I attempted the first to come as far as this-:
Taking x+3 = n,
$25^(n) - 1/5^(n) + 1 = 4$
I've forgotten exponential mathematics it seems..
Pardon me if I seem like a total noob, but I need help :P
Be careful with logs : $\log (a+b) \neq \log a+ \log b$

$\log_{2}(25^n - 1) = 2 + \log_{2}(5^n + 1)$

$\log_2 (25^n -1)-\log_2 (5^n+1)=2$

Using the identity : $\log a-\log b=\log \frac ab$ :

$\log_2 \frac{25^n-1}{5^n+1}=2$

$\frac{25^n-1}{5^n+1}=4$

$25^n-1=4 \cdot 5^n+4$

Substitute $u=5^n$

3. I still didn't get it!
$25^{n} - 4\cdot u = 5$
$5^{2n} - 4\cdot u = 5$
Have to get rid of that 2n somehow!

4. Originally Posted by SVXX
I still didn't get it!
$25^{n} - 4\cdot u = 5$
$5^{2n} - 4\cdot u = 5$
Have to get rid of that 2n somehow!
$5^{2n}=(5^n)^2=u^2$

5. Alright, now I know for sure my head is sleeping.
From that, x + 3 = 1, x = -2.
Skipping the 2nd one, there's no equation to it...
In the 3rd,
$\log_{4}(2 \cdot 4^{x-2} - 1) + \log_{4}256 = 2 \cdot x$
$\log_{4}((2 \cdot 4^{x-2} -1) \cdot 256) = 2 \cdot x$
$((2 \cdot 4^{x-2} - 1) \cdot 256) = 4^{2x}$
Some help on this?

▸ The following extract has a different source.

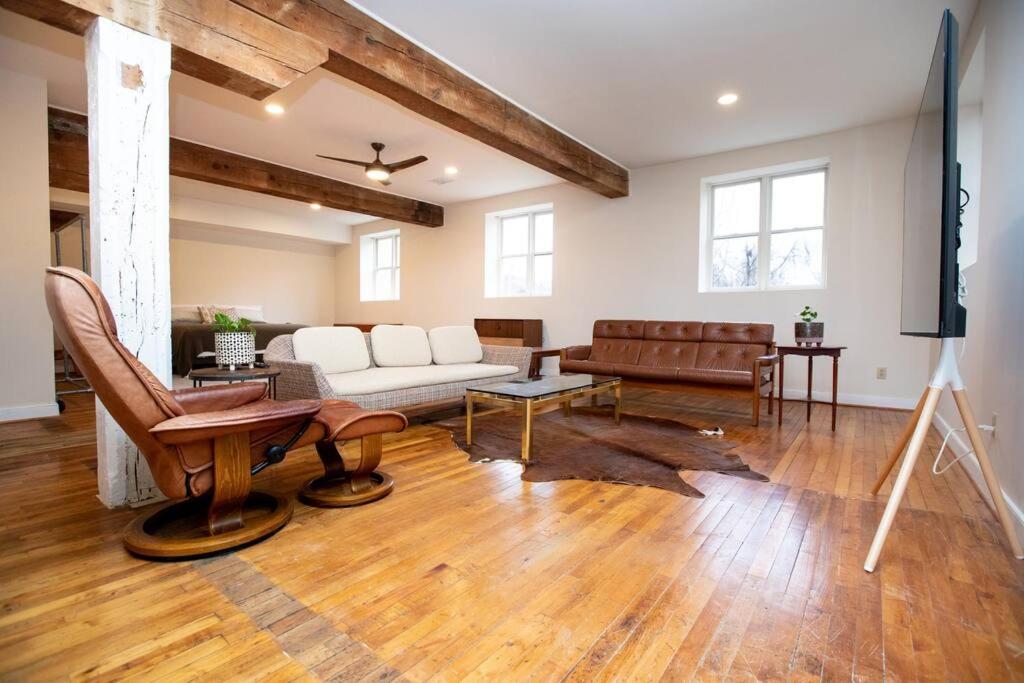 Farmville Modern Loft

Your advice comes really quick, thanks a lot for that

6. Originally Posted by SVXX
Alright, now I know for sure my head is sleeping.
From that, x + 3 = 1, x = -2.

Skipping the 2nd one, there's no equation to it...
Yep, strange

In the 3rd,
$\log_{4}(2 \cdot 4^{x-2} - 1) + \log_{4}256 = 2 \cdot x$
$\log_{4}((2 \cdot 4^{x-2} -1) \cdot 256) = 2 \cdot x$
$((2 \cdot 4^{x-2} - 1) \cdot 256) = 4^{2x}$
Some help on this?
Transform the powers..

$4^{x-2}=2^{2x-4}$

$4^{2x}=2^{4x}=(2^{2x})^2$

--> $(2^{2x-3}-1) \cdot 2^8=(2^{2x})^2$

$2^{2x+5}-2^8=(2^{2x})^2$

$2^5 \cdot 2^{2x}-2^8=(2^{2x})^2$

Is there a substitution you can make ?

Your advice comes really quick, thanks a lot for that
haha, you're welcome =)

7. Originally Posted by Moo

Yep, strange

Transform the powers..

$4^{x-2}=2^{2x-4}$

$4^{2x}=2^{4x}=(2^{2x})^2$

--> $(2^{2x-3}-1) \cdot 2^8=(2^{2x})^2$

$2^{2x+5}-2^8=(2^{2x})^2$

$2^5 \cdot 2^{2x}-2^8=(2^{2x})^2$

Is there a substitution you can make ?

haha, you're welcome =)
Oh yeez, those substitutions
$2^{5} \cdot 2^{2x} - 2^{8} = (2 \cdot 2x)^2$
Taking 2 raised to 2x as u,
$u^{2} - 32 \cdot u + 256 = 0$
We get equal roots, u = 16.
$2^{2x} = 16$
$2x = 4$
$x = 2$
Thanks for the support!
And don't mind if I come up with a newby sum again :P
Vous êtes les meilleurs! ^_^

8. Originally Posted by SVXX
Thanks for the support!
And don't mind if I come up with a newby sum again :P
Vous êtes les meilleurs! ^_^
It's not really newby oO
All of this comes with training ^^

Haha, good French speaking ^'

9. I'm not so good at French, but still..:P
Ok, the last problem. And this one isn't so sweet as the others were...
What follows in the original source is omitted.